From the early 1990s to 2001, Mr. Bey was director of men's ministries at the Cherry Street Mission, which helps the homeless. He once was a hairsbreadth from the street himself. His wife gave him a week to find a new place to live in 1989 because of his drug problem, Mr. Bey told The Blade in 2000.

"I was suffering for 2 1/2 years from a crack cocaine addiction," Mr. Bey said then. "I got involved in a Christian recovery program at First Church of God. That's where I was saved. It was a revolutionary transformation."

His wife said yesterday: "He found Jesus."

His addiction and recovery - and his faith - informed his work.

"He had such a heart for it, having been through it himself," his wife said. "Because our God is a God of second chances, he always saw hope in people and a future."

He did missionary work in Haiti for a year and was in ministry at King of Kings Church in Toledo. He grew up in Toledo and left Scott High School for the Army. He was stationed in Europe and remained afterward as a political activist, until West Germany sent him home, his wife said.

Back in Toledo, he became a member of the Nation of Islam and changed his name from Lawrence Sparks to Lawrence X and later to Mansour Bey. He ran unsuccessfully for City Council as an independent in 1981 and backed council representation by district. In 2002 he lost as a candidate in District 4.
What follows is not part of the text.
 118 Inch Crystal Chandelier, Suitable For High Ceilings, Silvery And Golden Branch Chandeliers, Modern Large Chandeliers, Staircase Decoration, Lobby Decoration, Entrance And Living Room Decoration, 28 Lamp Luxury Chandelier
Mr. Bey received an associate's degree in business from the University of Toledo, his wife said. He had been president of the Black Student Union there and, in the mid-1980s, led protests against UT's investments in firms that did business with South Africa's apartheid government.

He was a former chairman of Toledo's Board of Community Relations and organized a Father's Day march. In October, 2005, he joined then-Mayor Jack Ford and then-fire Chief Michael Bell as they tried to calm a crowd of about 600 after the aborted neo-Nazi rally in North Toledo.

"This is his hometown, and he believed in making where you are a better place," his wife said.

Surviving are his wife, Nazaarah, whom he wed May 14, 1973; sons, Lawrence Barnes, Jr., Christopher Shoecraft, Taleb Bey, Joshua Bey, David Mezzavilla, and Marvin Mezzavilla; brother, Earl Duane Ellis; sister, Diane Mueller, and six grandchildren.

Visitation will be from 3 to 6 p.m. Wednesday in the Dale-Riggs Funeral Home, where wake services will be from 6 to 8 p.m. Wednesday. Family hour starts at 11 a.m. Thursday in First Church of God, where funeral services will be at noon.